JUN 21, 2009 – WHEN A FILM ADVERTISED AS A RIB-TICKLER opens with the unfortunate image of three grown men tumbling off bunker beds and landing on top of one another, and when the director (Paritosh Painter) is so lazy, he won’t even bother to stage the expected payoff shot comprising of much groaning and groin-clutching, you heave a weary sigh and hunker down in your seat. This, you know, will be a dispiriting addition to the ever-increasing number of films crafted apparently for the express purpose of giving its starlet-heroines some quick-and-easy pocket money, so they can buy those fancy bags for red-carpet appearances at the ever-increasing number of awards shows. (The beneficiaries, here, include Celina Jaitley, Neha Dhupia, Riya Sen and Sayali Bhagat, who are paired off with the almost-as-nondescript Shreyas Talpade, Jaaved Jaffrey, Ashish Chowdhry and Vatsal Sheth.)

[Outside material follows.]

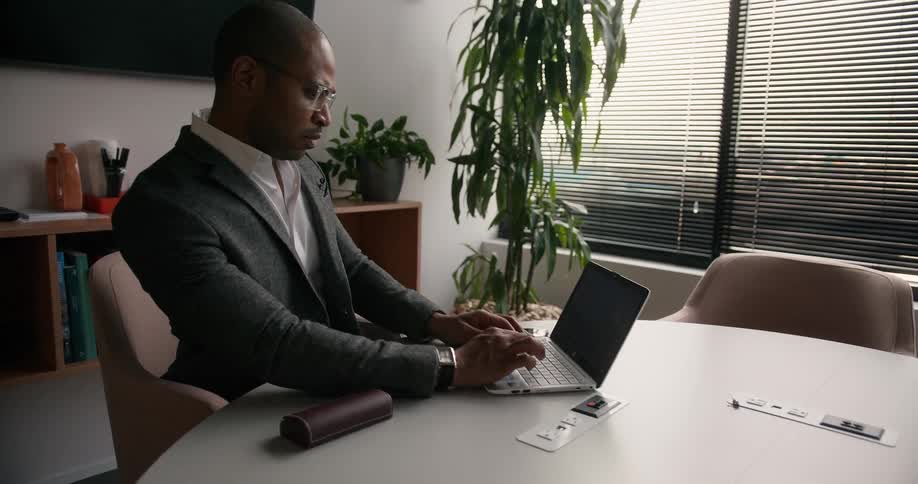 A man is sitting at a table in an office and he puts on his glasses and types on a laptop computer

Over the course of a plot that charts the travails of the protagonists as they attempt to locate PG digs in Bangkok, Painter throws at us much by way of wincingly misguided humour. And when a suitable accommodation is located, there’s a catch: the landlords (Johny Lever and Delnaaz Paul, who attempts to amuse us by referring to “aam aadmi” as “mango man”) will only let the room out to couples, and hence the contrivance of Talpade and Jaffrey posing as women (or rather, in the case of the latter, RuPaul’s estranged half-Indian stepsister). It’s a toss-up as to which is intended as the pinnacle of dazzling wit, the throwaway shots of the house (where this con is being perpetrated) bearing the address-plate “Plot No. 420,” or the revelation that the men-in-drag have named themselves Karisma and Kareena.

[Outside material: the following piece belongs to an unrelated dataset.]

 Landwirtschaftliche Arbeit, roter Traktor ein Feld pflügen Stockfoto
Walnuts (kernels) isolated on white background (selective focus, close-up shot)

There’s, to be fair, the occasional gag that evokes a grudging laugh – especially if, like me, you’re a fan of low-comedy or farce – but through the long stretches of tedium in between, I was free to ponder about the niggardly treatment we mete out to comedy in our film culture. This is a rich premise, and it could have yielded a profitable couple of hours of brain-dead entertainment – but thanks to the ineptness of the staging, it all adds up to little more than a lost opportunity. When are we going to realise that it’s not just the heavy-duty dramas that require talent, in front of the camera as well as behind, but also – and perhaps more so – the comedies? Why do we, for the most part, relegate the latter to low-budget quickie productions cooked up, apparently, on the shooting spot, and featuring the cheapest available cast?
It’s bad enough that you’re staging a climax that attempts to recreate the ink-black delirium of the final moments of Jaane Bhi Do Yaaro – with a play-in-progress disrupted and systematically dismantled – but when you need an actor to spoof Amitabh Bachchan’s posturings in Shahenshah, is Ashish Chowdhry all you can scrounge up? The only performer who wiggles out unscathed is Shreyas Talpade. When pursued by the lisping gangster played by Chunkey Pandey – who mouths “Lonnie” when he really means “Ronnie,” so you know he’s up to no good when he smacks his lips and announces he’s going to launch into a “lape” – a hysterical Talpade (in drag) wrings big laughs out of old-Bollywood constructs such as “abla nari” and “hawas ke pujari.” Like Riteish Deshmukh, he’s an affably lightweight presence who blends perfectly into an ensemble, and he throws himself into these proceedings with an earnestness that’s at once endearing and entertaining. He is, in short, everything this film isn’t.